DevOps

How to Search Files in a Git Repository

If you have questions about searching Git repositories, such as what was the content of a particular file at an earlier time? What has changed since then? And who is responsible for this change? This blog post is for you.

 

Numerous commands, including git show, git diff, and git blame, can help answer these and other questions.

 

Viewing Old Versions of a File (git show)

The git show <revision>:<file> command outputs the <file> file in the state it was in when the <revision> commit was current. So, if you’ve tagged version 2.0 of your program with the v2.0 tag and you want to know what the index.php file looked like back then, you would run the following command:

 

git show v2.0:index.php

 

Of course, you can also redirect the output to another file so that you have both versions (the current one and the old one) available in parallel with the following command:

 

git show v2.0:index.php > old_index.php

 

Viewing Differences between Files (git diff)

To determine what has changed between the current version and an old version of a file, you should use git diff. Let’s consider how the index.php file has changed since version 2.0. The output consists of several blocks, which are introduced with @@ and indicate the position. For orientation, a few lines of code help set the context. This information is followed by the changed lines, preceded by - or + depending on whether the line was deleted or added.

 

git diff v2.0 index.php

 

   diff --git a/index.php b/index.php

   index a41783c..d1e3af2 100644

   --- a/index.php

   +++ b/index.php

   @@ -10,9 +10,9 @@ try {

      exit();

   }

   -try {

   - $ctl->checkAccess();

   -} catch (Exception $e) {

   +if ($ctl->checkAccess() === TRUE) {

   + $ctl->showRequestedPage();

   +} else {

      if ($ctl->isJSONRequest()) {

         $data = new stdClass();

         $data->error = true;

   @@ -29,4 +29,3 @@ try {

         exit();

   }

}

-$ctl->showRequestedPage();

 

If you’re only interested in the scope of the changes, you can additionally pass the -- compact-summary option:

 

git diff --compact-summary v2.0 index.php

   index.php | 7 +++----

   1 file changed, 3 insertions(+), 4 deletions(-)

 

The git diff <revision1>..<revision2> <file> command shows the changes between two old versions:

 

git diff --compact-summary v1.0..v2.0 index.php

 

Of course, to git diff, you can pass the hash codes of commits, the names of branches, or other references instead of tags or versions. Note that the rather convenient HEAD@{2.weeks.ago} notation for timing only works for locally performed commits (i.e., only for actions stored in the reflog). Apart from this notation, no other options can time a comparison commit.
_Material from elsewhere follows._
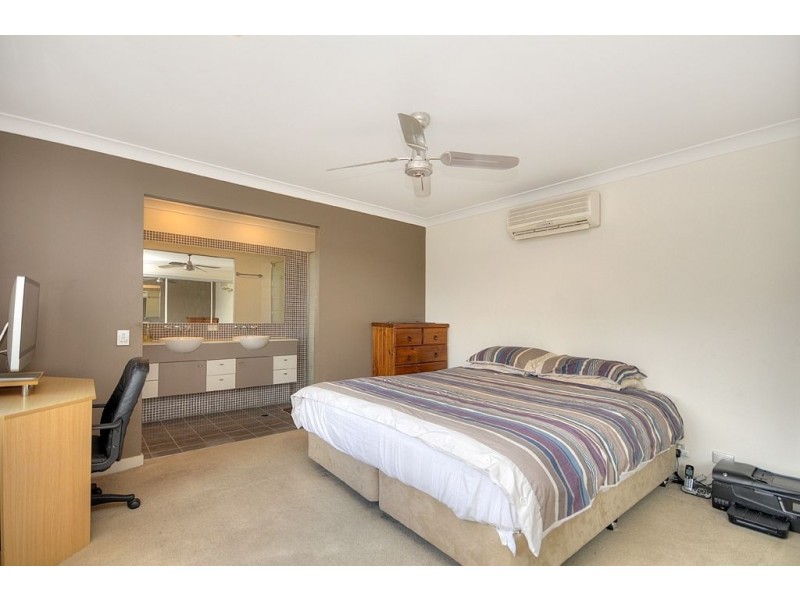63/19 Carina Peak Drive, Varsity Lakes QLD 4227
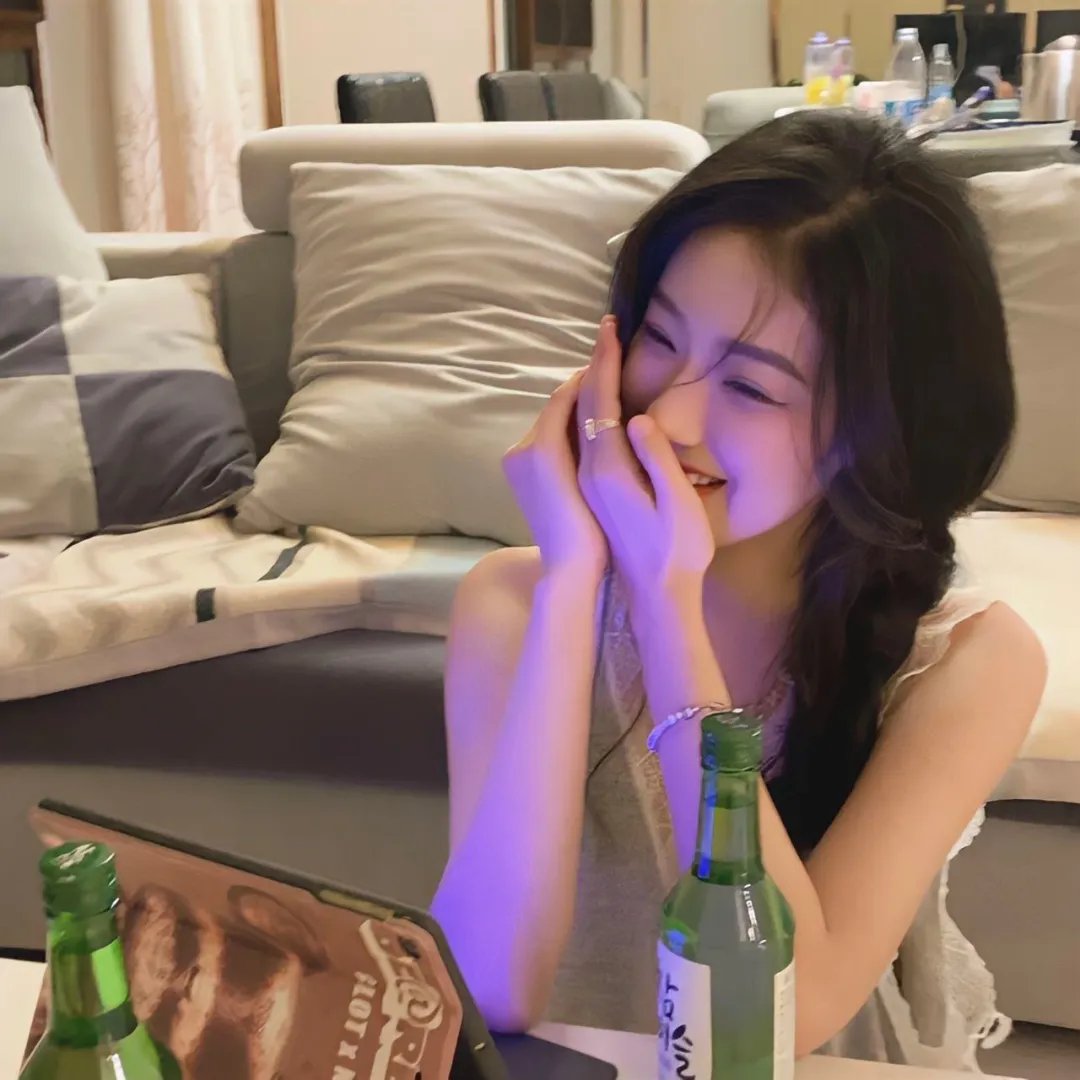 飞向星星的你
You may need to first use git log to find a timed commit and then pass its hash code to git diff.

 

Range Syntax with Three Periods: The git diff <rev1>...<rev2> variant is especially useful when the revisions are branches. In this case, git diff first determines the last common base of both branches and then shows what has changed in <rev2> compared to the last common commit. Unlike <rev1>..<rev2>, however, all changes that have happened in <rev1> since then are ignored.

 

Viewing Differences between Commits

If you choose not to specify a file in git diff, Git will show you all files changed since the specified version or between two versions/commits. Again, the --compact-summary option is useful if you just want an overview for the time being.

 

In case of extensive changes, not enough space is available to output a + or a - for each changed line. Instead, the total number of changed lines is specified after |. The number of plus signs and minus signs is relative to the file with the largest number of changes. The longer the bar of characters, the more extensive the changes.

 

git diff --compact-summary v1.0..v2.0 index.php

 

   css/autocompleteList.css                | 225 +-

   css/editproject.css (new)               | 13 +

   css/edituser.css                        | 99 +-

   css/iprot.css                           | 648 ++++-

   css/iprot/jquery-ui-1.8.13.custom.css   | 2 +-

   css/mobile.css (new)                    | 17 +

   ...

   269 files changed, 22819 insertions(+), 12792 deletions(-)

 

In rare cases, you’re simply interested in all the changes. Two options can help you to specifically limit the result:

  • You can use -G <pattern> to specify a search pattern (a regular expression). git diff will then return only the text files whose changes contain the search expression, with exact case matching.
  • --diff-filter=A|C|D|M|R filters out those files that have been added, copied, deleted, modified, or renamed, respectively.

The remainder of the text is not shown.